I hope I'm not belabouring the obvious.

Craig


----------



## Susquatch (Jul 28, 2022)

trlvn said:


> Um, you do realize that the Youtube video player (at least the web version) supports playback at different speeds, right?  Ala:
> Click the gear icon and then select "Playback speed".
> 
> 
> ...



I think you forgot I almost never use a desktop.

The only thing worse than Watching at 2x on my phone would be tied down to a desk watching a video stutter its way along from data bandwidth overload.

Fastest speed on my phone is 2x.  So an hour video is still 30 minutes. Ya, that's only half the pain, but then add in all the stops and starts while my phone buffers that data and it's basically unusable.

I need to download in the background and watch at my leisure later - probably in bed.

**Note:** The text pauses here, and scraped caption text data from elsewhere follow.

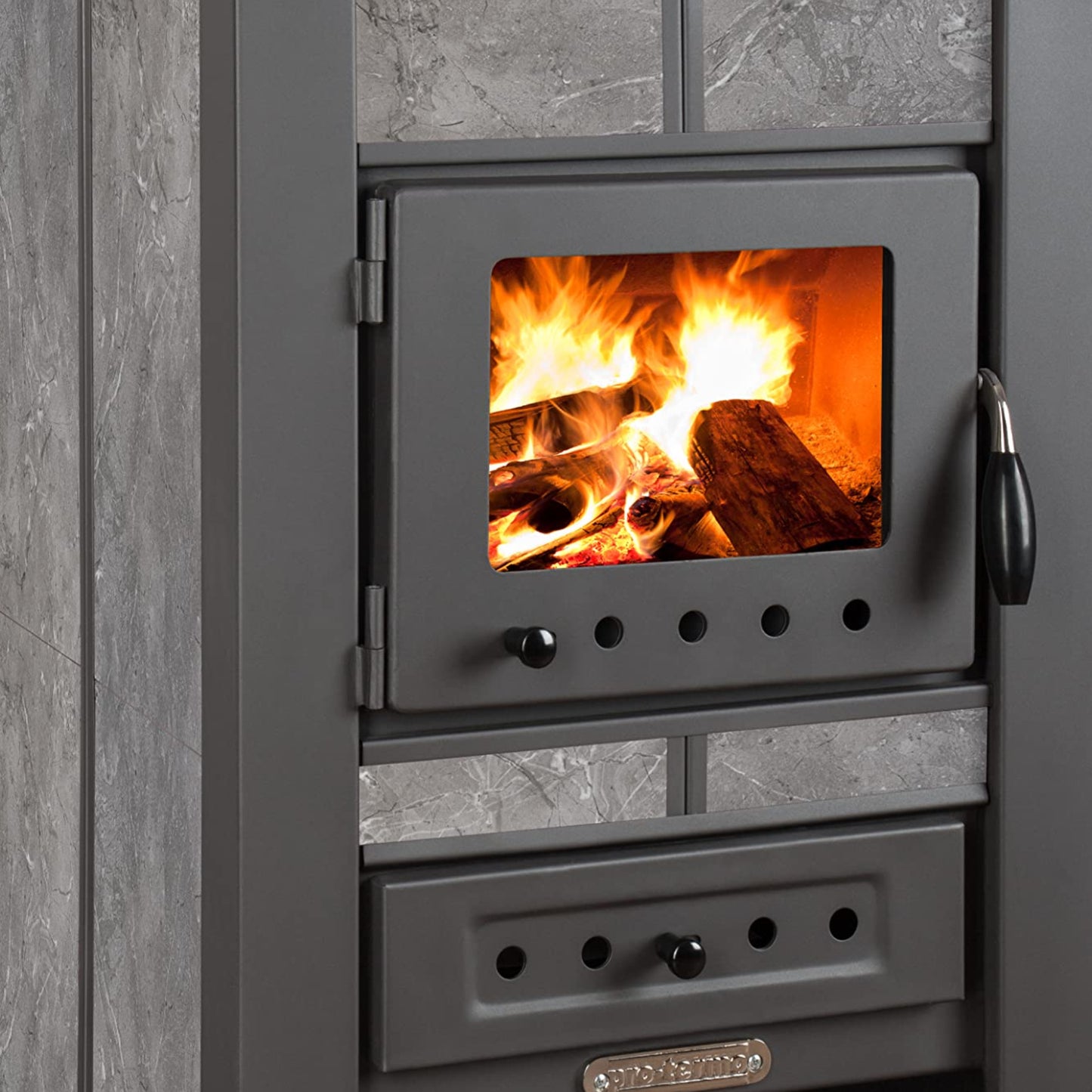 ProTermo Alpina Ceramic Mocha Fireplace with Fireclay Stone - 8 kW Heating Output - 50 x 48 x 82 cm Wood Stove with Viewing Window - Type 1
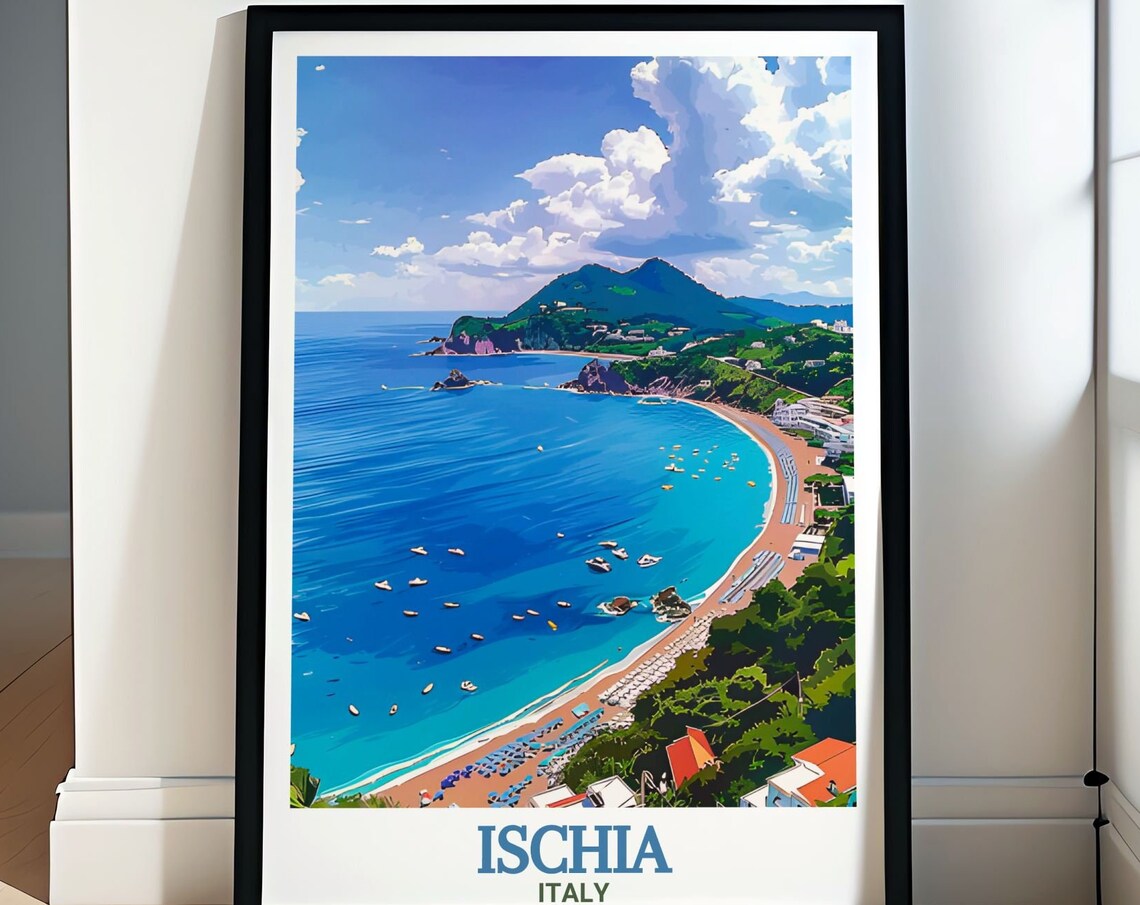 Ischia Italy Maronti Beach Aerial Bay Curved Coastline Vista Poster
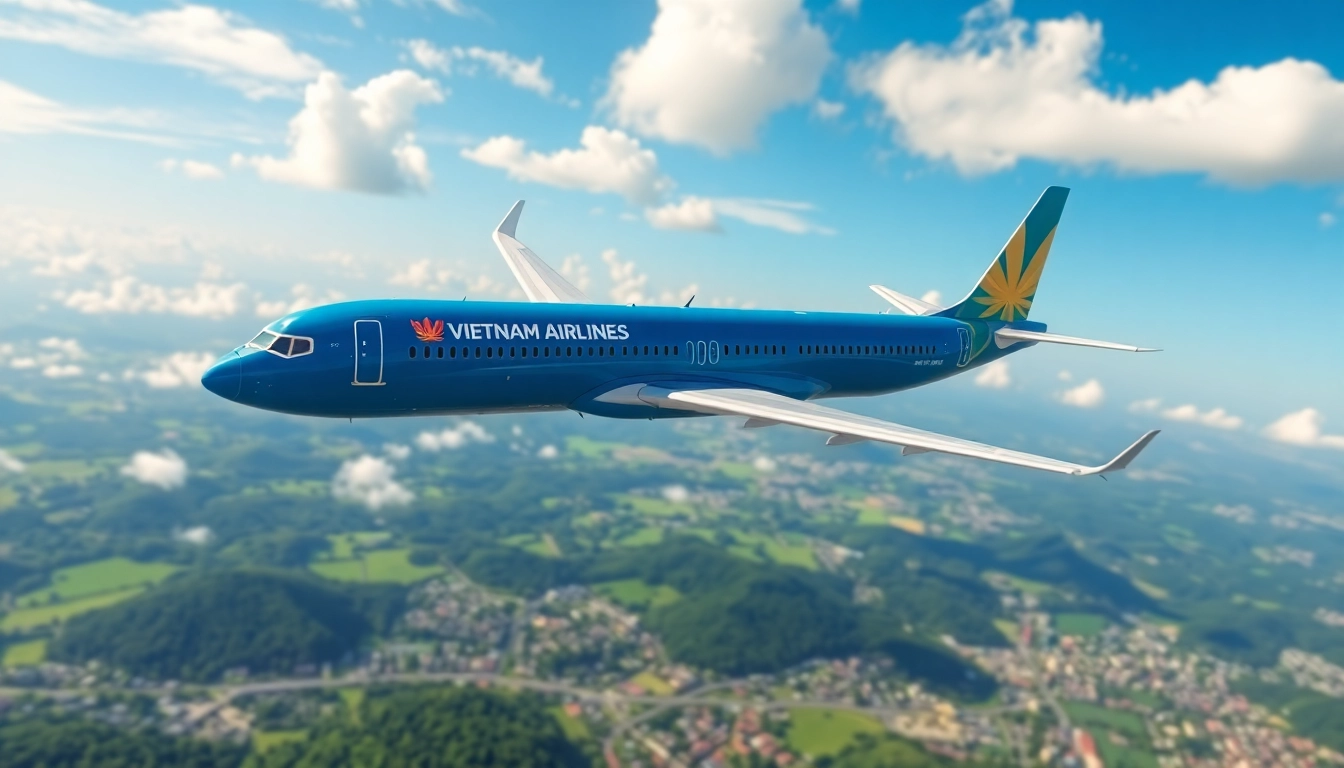 VN168 flight by Vietnam Airlines soaring above Vietnam's lush landscapes and vibrant cities.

It's ok Craig. I chose to retire to a farm knowing what would happen to my internet access. I can live with it. Please forgive my occasional bitches about youtube.

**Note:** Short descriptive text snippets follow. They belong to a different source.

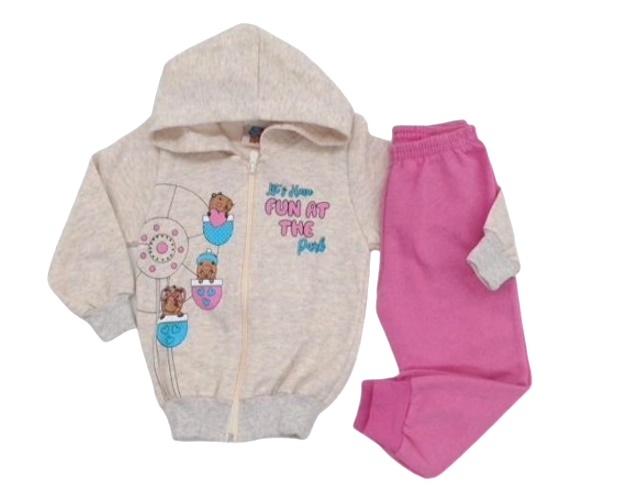 Conjunto Wkids Primeiros Passos Feminina Moletom Capuz Calça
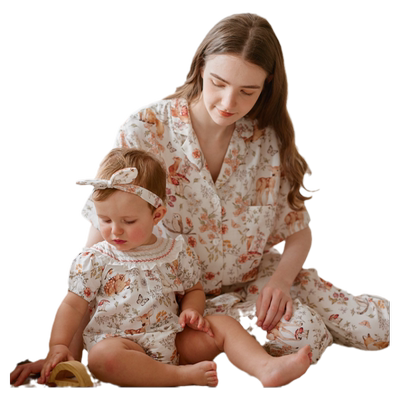 Oak Family女士家居服套装夏季棉纱布短袖孕妇月子宽松睡衣亲子装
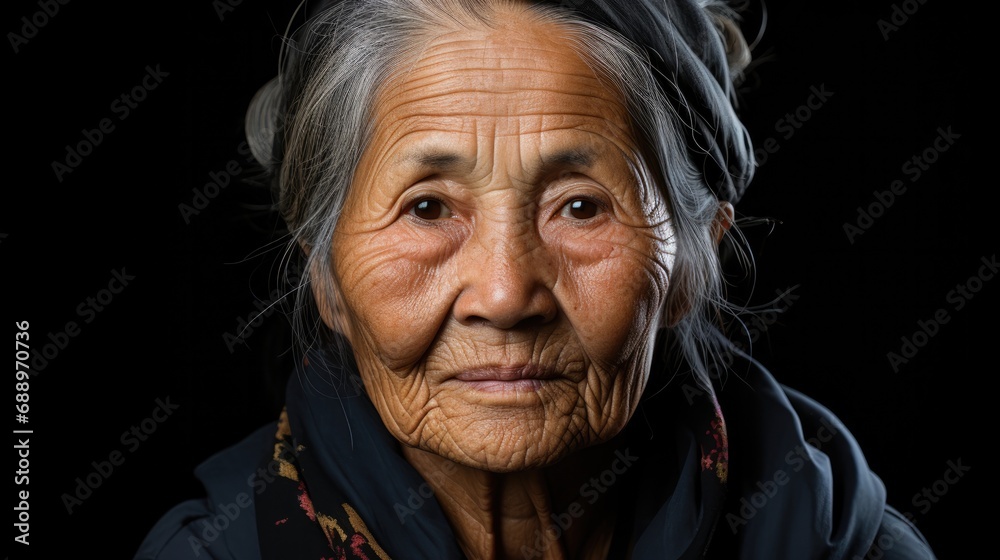 Elderly asian woman looking at camera with sad look on black background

PS - I'd never trade my 40x80 shop/barn for faster internet....


----------



## PeterT (Jul 28, 2022)

Sorry, original post pics were a bit jumbled.


----------



## Susquatch (Aug 5, 2022)

As posted earlier @eotrfish and I came to an agreed price and I got this lantern style ball turner from him. It arrived yesterday.






Now it's time to adapt it to my BXA Toolpost lathe.

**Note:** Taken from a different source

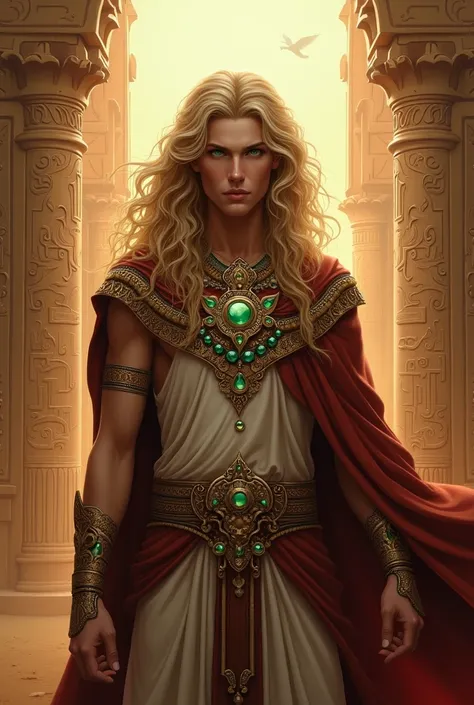 a fair-skinned Egyptian king,blonde curly hair,and green eyes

The top and bottom of the rocker bar are already flat and the sides are pretty good. Not at all like my other lantern style tools. So right now I'm thinking about making a special tool holder for it instead of trying to adapt it to a 5/8 holder by adding a 5/8 bar to the side of the lantern bar. I can, either machine an existing 5/8 holder for it or make an all new one.

So I measured it all up and decided I'll prolly go with making the 5/8 slot in a tool holder a bit bigger to accept the lantern bar.

The bottom of the lantern bar needs to be about 1/2 inch above the base of the tool post (top of the cross-slide) to put the cutter on center of the spindle.






I'm also thinking that it might work best mounted on the right side of the tool post instead of the more traditional back or left side. Again, I'll have to rig it up to get a real sense of it. But that doesn't change the need to make a tool-holder adapter.

If I position the bottom of the blade 1/2" above the bottom of the tool holder, I am left with about 1/4" at the top.







I can't imagine any ball turning job that would require big heavy cuts. So right now, I'm thinking that it all works out pretty darn good!

Edit - For reference, the holder is 1.75 high, and the lantern bar is 2 thou under an inch. 

Other thoughts?


----------



## PaulL (Aug 5, 2022)

Susquatch said:


> I can't imagine any ball turning job that would require big heavy cuts.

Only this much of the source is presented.